Deutsche Gesellschaft für Neurochirurgie. 60. Jahrestagung der Deutschen Gesellschaft für Neurochirurgie (DGNC), Joint Meeting mit den Benelux-Ländern und Bulgarien. Münster, 24.-27.05.2009. Düsseldorf: German Medical Science GMS Publishing House; 2009. DocMI.09-02

doi: 10.3205/09dgnc231, urn:nbn:de:0183-09dgnc2316

Veröffentlicht: 20. Mai 2009

© 2009 Hilko et al.
Dieser Artikel ist ein Open Access-Artikel und steht unter den Creative Commons Lizenzbedingungen (http://creativecommons.org/licenses/by-nc-nd/3.0/deed.de). Er darf vervielfältigt, verbreitet und öffentlich zugänglich gemacht werden, vorausgesetzt dass Autor und Quelle genannt werden.


Gliederung

Text

Objective: In spite of neurosurgery, radiochemotherapy (RCT) and maintenance temozolomide chemotherapy (TZMm), the prognosis of patients with GBM remains poor. Because immunotherapy opened new perspectives for patients at time of relapse, we are integrating immunotherapy in the primary postoperative treatment (Stupp regimen) for 60 adults (per protocol) with GBM (WHO grade IV) on reference pathology as a phase I/II protocol HGG-2006.

Methods: After (sub)total resection, leukapheresis is performed prior to radiochemotherapy (RCT), and 4 weekly vaccinations with autologous GBM lysate-loaded dendritic cells are given after RCT. Boosts with GBM lysates are given during TMZm. Immunomonitoring, feasibility and toxicity, as well as progression free (PFS) and overall (OS) survival are assessed. National Cancer Institute Common Toxicity Criteria were used to grade the adverse events.

Results: Serious adverse events during FU included an ischemic cerebral event, epilepsy with humerus fracture after fall due to epileptic fit, grade IV thrombopenia, short bowel perforation and cerebral abcess. ELISPOT for tumor antigen-reacting IFN-γ-producing T cells was performed on stored blood samples at different time points and results are underway. In the pilot study, the patients (n=8) with an actual FU of 32 months had a median PFS of 17.8 months and median OS 24.3 months, with 3-year OS of 37.5%. In the phase I/II trial, with a median FU of 11.3 months, the preliminary median PFS = 11 months and median OS = 17.3 months for the per protocol analysis (n=53). At the time of the joint meeting, data will be available for the full study group.

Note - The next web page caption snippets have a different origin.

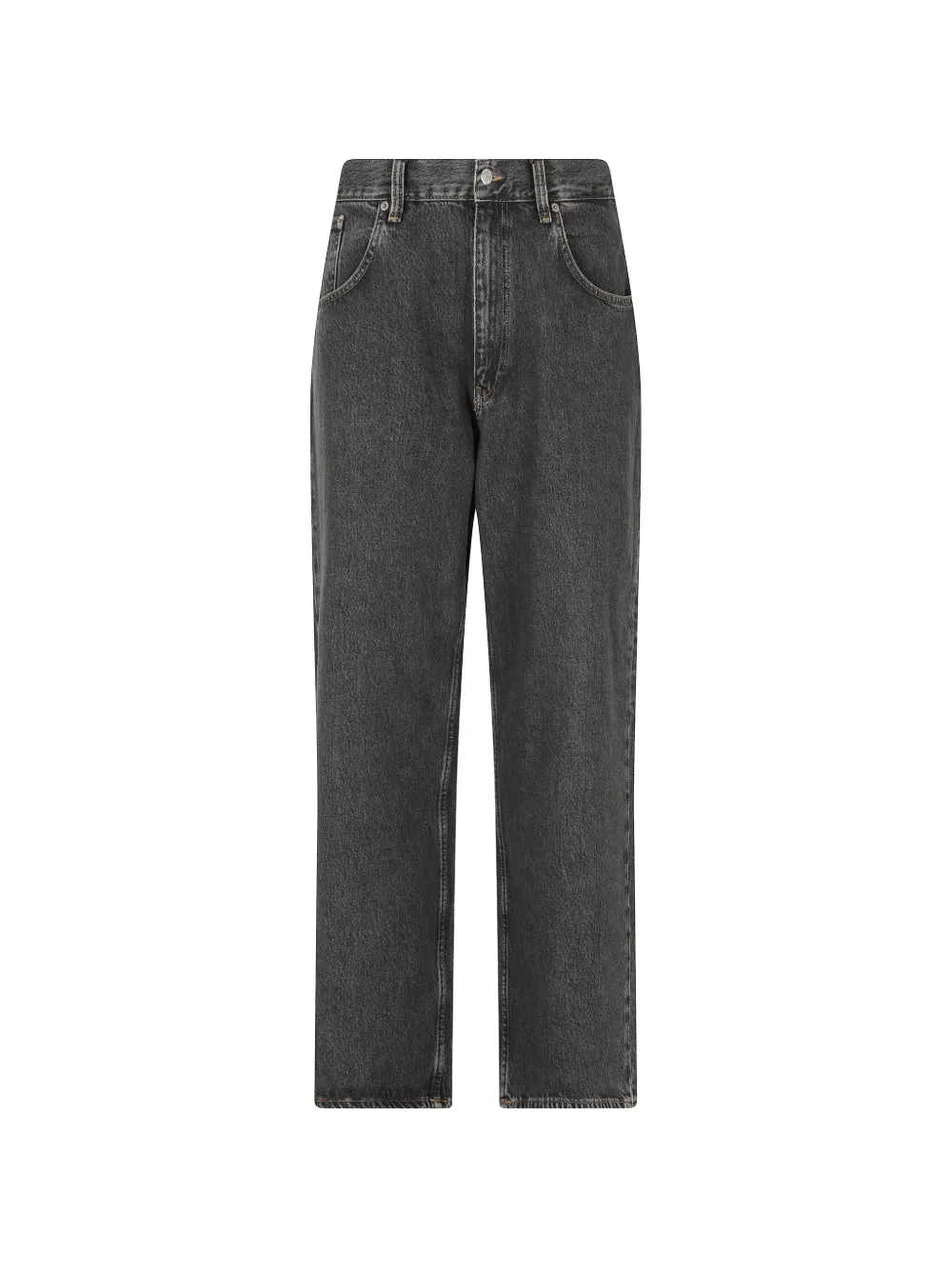 Sunflower stonewashed straight-leg jeans - Nero
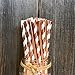 Rose Gold Solid and Stripe Foil Paper Straws - 7.75 Inches - 100 Pack - Outside the Box Papers Brand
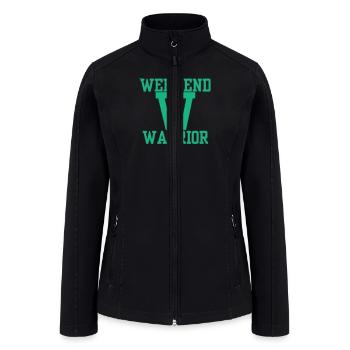 Tees - Women’s Soft Shell Jacket - black - Front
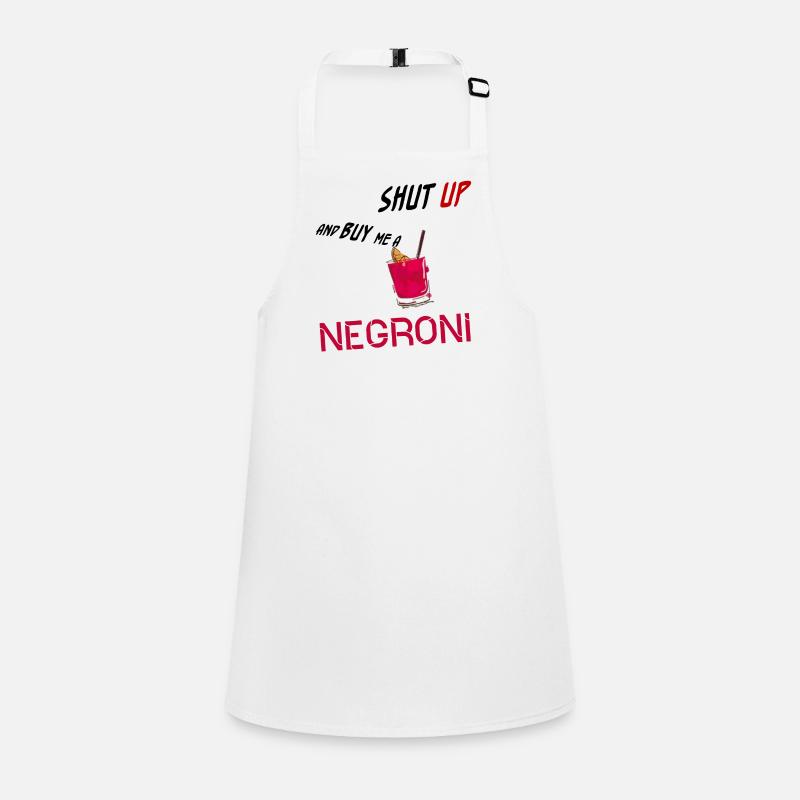 Negroni-Cocktail Schürze für Kinder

Conclusions: Tumor vaccination integrated within the standard primary postoperative treatment for patients with newly diagnosed malignant glioma is feasible, well tolerated and possibly beneficial for patients with minimal residual tumor burden. These early experiences with postoperative radio-chemo-immunotherapy provide good hope that integrating immunotherapy as a fourth treatment modality in patients with primary diagnosis of high-grade glioma might result in a better disease control.